***** Records for the exercise

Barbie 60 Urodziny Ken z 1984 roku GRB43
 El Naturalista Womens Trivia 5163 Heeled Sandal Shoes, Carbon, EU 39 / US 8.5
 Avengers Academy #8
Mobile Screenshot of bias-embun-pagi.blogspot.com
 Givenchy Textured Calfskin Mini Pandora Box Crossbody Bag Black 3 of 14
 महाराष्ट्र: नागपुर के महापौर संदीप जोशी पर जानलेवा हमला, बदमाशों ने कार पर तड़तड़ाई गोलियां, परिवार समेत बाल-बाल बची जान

**********

▸ **What needs to be done**
In full and without alteration, return every line above.

▸ **Response below**
Barbie 60 Urodziny Ken z 1984 roku GRB43
 El Naturalista Womens Trivia 5163 Heeled Sandal Shoes, Carbon, EU 39 / US 8.5
 Avengers Academy #8
Mobile Screenshot of bias-embun-pagi.blogspot.com
 Givenchy Textured Calfskin Mini Pandora Box Crossbody Bag Black 3 of 14
 महाराष्ट्र: नागपुर के महापौर संदीप जोशी पर जानलेवा हमला, बदमाशों ने कार पर तड़तड़ाई गोलियां, परिवार समेत बाल-बाल बची जान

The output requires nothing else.